I thought of the times I had run a marathon and chased a fast time, and how, when I eventually blew up, my pace slowing, my dominating thought was one of shame. I’d feel ashamed to be running slower than I had planned, and I assumed everyone knew that. But the truth is that no one knows, or cares. When you’re caught up in that tunnel vision of your own obsession, you don’t see what’s really happening, which is nothing, really. You might be slowing down, but you’re still part of this beautiful celebration. There are tens of thousands of others, and you’re not alone — you’re with them. If only I had offered myself more grace, I thought, while standing again on 1st Avenue, I would have had more fun. To escape the tunnel vision, to witness the world in all of its celebration and sorrow is also one way of understanding and maybe even forgiving ourselves. In How to Do Nothing, Jenny Odell writes: “Perhaps the granularity of attention we achieve outward also extends inward, so that as the perceptual details of our environment unfold in surprising ways, so too do our own intricacies and contradictions.” And when we know ourselves as such contradictory, complex beings, ones who succeed and fail often in the same breath, we have an easier time joining in our own celebration.
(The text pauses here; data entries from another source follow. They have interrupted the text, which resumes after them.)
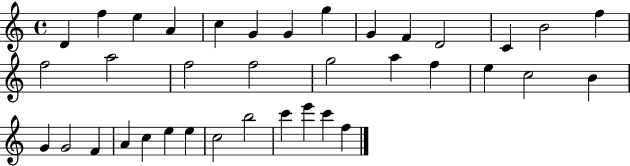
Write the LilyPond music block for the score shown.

{
  \clef treble
  \time 4/4
  \defaultTimeSignature
  \key c \major
  d'4 f''4 e''4 a'4 | c''4 g'4 g'4 g''4 | g'4 f'4 d'2 | c'4 b'2 f''4 | \break f''2 a''2 | f''2 f''2 | g''2 a''4 f''4 | e''4 c''2 b'4 | \break g'4 g'2 f'4 | a'4 c''4 e''4 e''4 | c''2 b''2 | c'''4 e'''4 c'''4 f''4 | \break \bar "|."
}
And it’s that celebration that’s on display during a marathon. That joy. That deep, abiding sense of the collective that I wish extended long after the race ended and people resumed what we all resume each day: our ordinary lives. As Colson Whitehead asks in his novel: “Who wouldn’t celebrate that?” I walked down 1st Avenue and saw shufflers and walkers and stop-and-starters. We yelled what names we saw, and gave high-fives. There were those who stared into the sky with absolute longing. There were people, you could tell, who were holding the thought of something precious in their mind, who seemed to be running for something so pure and powerful that it might make their heart the size of an elephant if that were possible. And there was one runner, I remember, who came up to us and pointed at my friend’s scarf. The temperature was dropping. It was starting to get dark. It’s a beautiful scarf, the runner said, and, without even hesitating, my friend took it off his neck and held it out for her. Do you want it, he said, and she said yes, and it was hers.
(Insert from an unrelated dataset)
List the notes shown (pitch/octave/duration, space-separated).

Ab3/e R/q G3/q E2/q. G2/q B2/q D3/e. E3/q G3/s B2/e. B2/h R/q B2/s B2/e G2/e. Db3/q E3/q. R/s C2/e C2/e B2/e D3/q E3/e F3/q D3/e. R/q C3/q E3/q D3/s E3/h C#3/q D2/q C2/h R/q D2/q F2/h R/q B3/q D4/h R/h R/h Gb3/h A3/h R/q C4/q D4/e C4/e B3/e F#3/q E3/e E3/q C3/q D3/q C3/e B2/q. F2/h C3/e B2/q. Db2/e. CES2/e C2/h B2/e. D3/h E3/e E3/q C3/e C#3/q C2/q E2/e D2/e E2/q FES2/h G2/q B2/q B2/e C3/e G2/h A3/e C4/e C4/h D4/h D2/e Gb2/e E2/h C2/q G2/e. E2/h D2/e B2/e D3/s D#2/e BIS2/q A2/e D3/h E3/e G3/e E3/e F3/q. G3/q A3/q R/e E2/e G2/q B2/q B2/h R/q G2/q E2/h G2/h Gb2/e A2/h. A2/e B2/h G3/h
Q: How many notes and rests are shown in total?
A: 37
We are met, each day, with the various limits of our various individual existences. Maybe life is not about turning inward in the face of those challenges and trying to determine how we can each break those limits. No. Maybe life is about turning outward to acknowledge each person’s daily act of trying in this collectively trying world. Maybe life is, in part, about celebration. The best part about spectating the marathon was that I could watch it for so long. It felt like forever. I didn’t have to be caught up within the narrowed focus of my own vision and thought. The lens widened: there was so much happening, and so much of it was beautiful. And the worst part was that, when the race ended, and the last runners made their way down 1st Avenue, it ended so quickly. Barricades were lifted. People shuffled back home. Cars rejoined the street. The next morning, there was only the faded blue line of the course to mark the fact that the marathon had happened. We offer ourselves these moments of pure, collective joy, and then we go back so quickly to being ourselves. I wish it weren’t so. I think we often forget that witness is part of the beauty of being alive. I forget this all the time, caught up as I am in being myself. I’m still thinking about that scarf, though, the joy of watching such a small act of kindness. As I write this, it’s cold in New York. I wonder if that runner is still wearing it now.